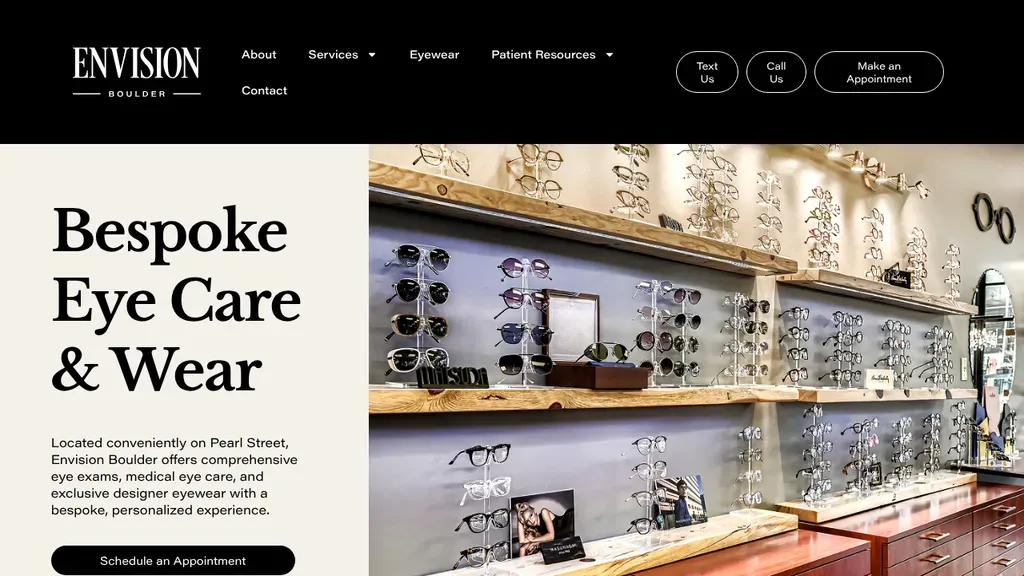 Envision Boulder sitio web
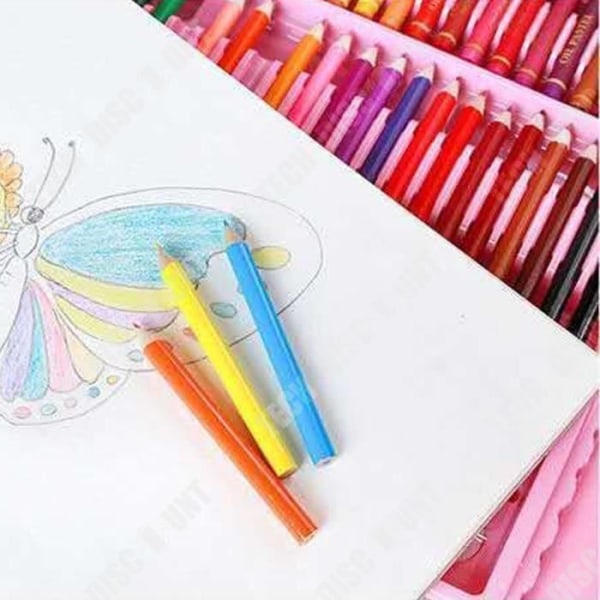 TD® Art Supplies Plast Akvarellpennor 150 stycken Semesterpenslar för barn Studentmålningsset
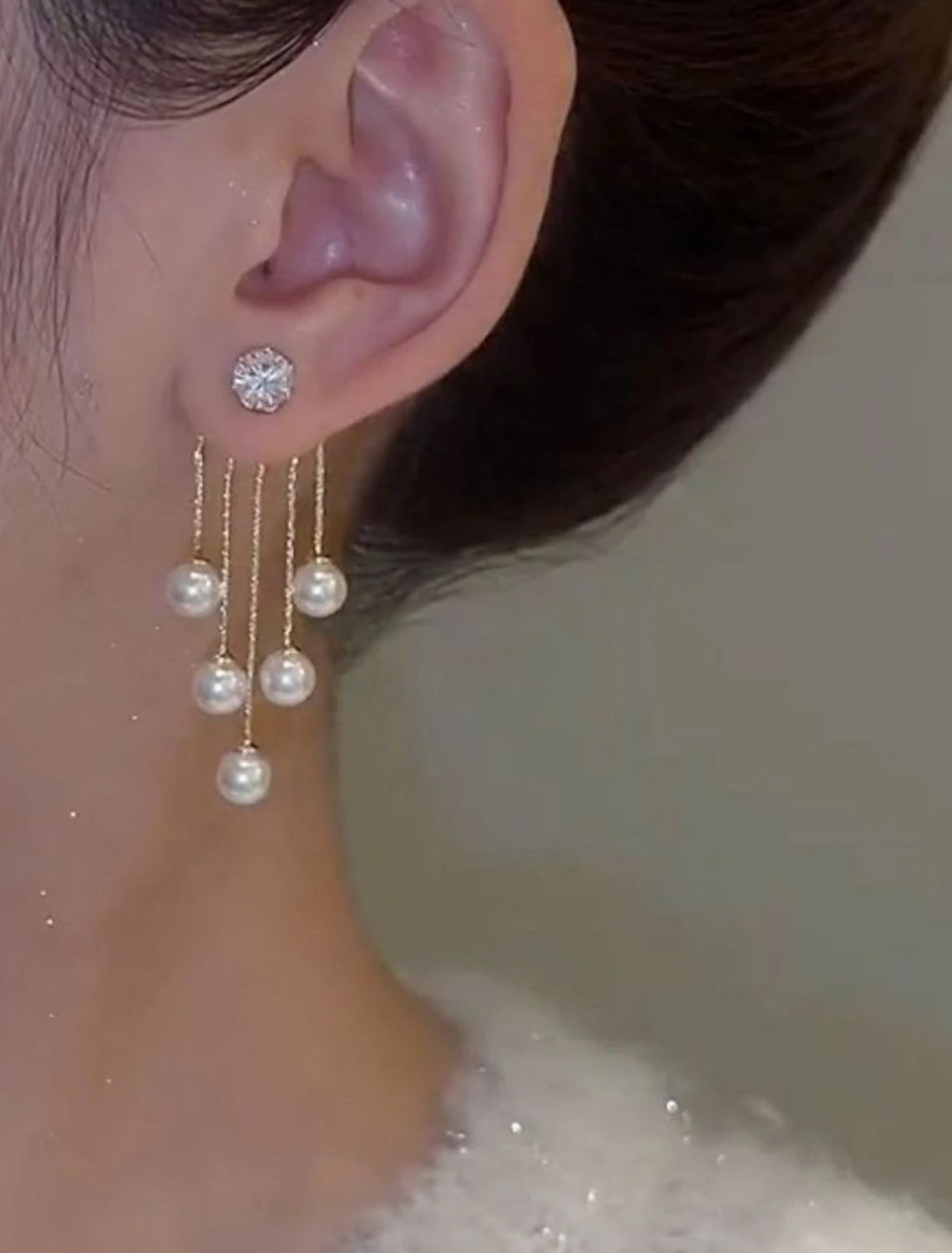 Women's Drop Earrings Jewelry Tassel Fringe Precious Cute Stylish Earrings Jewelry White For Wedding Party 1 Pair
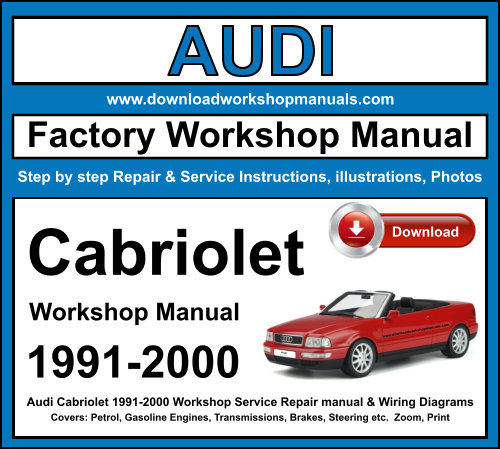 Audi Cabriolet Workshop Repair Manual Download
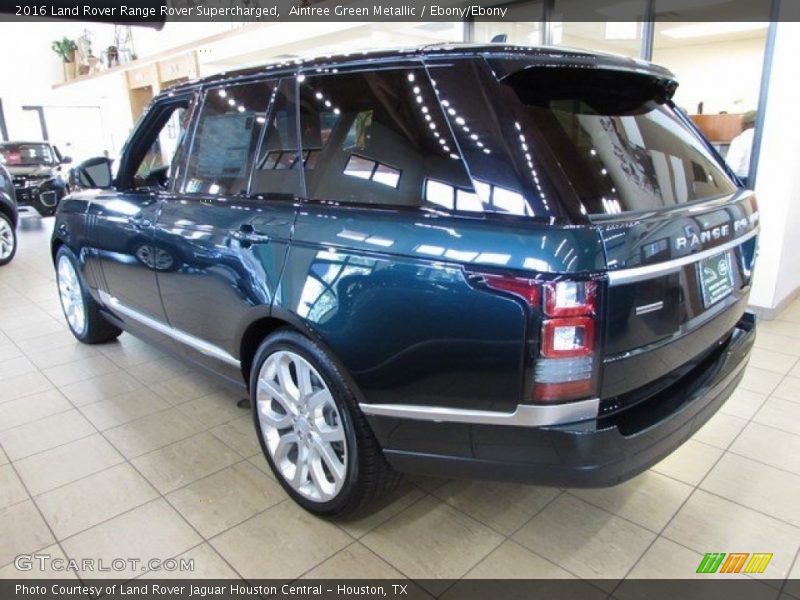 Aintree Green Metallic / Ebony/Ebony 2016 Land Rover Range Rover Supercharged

_Activity_: Without copying any images, transcribe the records exactly as they stand.

_Exercise answer_:
 Envision Boulder sitio web
 TD® Art Supplies Plast Akvarellpennor 150 stycken Semesterpenslar för barn Studentmålningsset
 Women's Drop Earrings Jewelry Tassel Fringe Precious Cute Stylish Earrings Jewelry White For Wedding Party 1 Pair
 Audi Cabriolet Workshop Repair Manual Download
 Aintree Green Metallic / Ebony/Ebony 2016 Land Rover Range Rover Supercharged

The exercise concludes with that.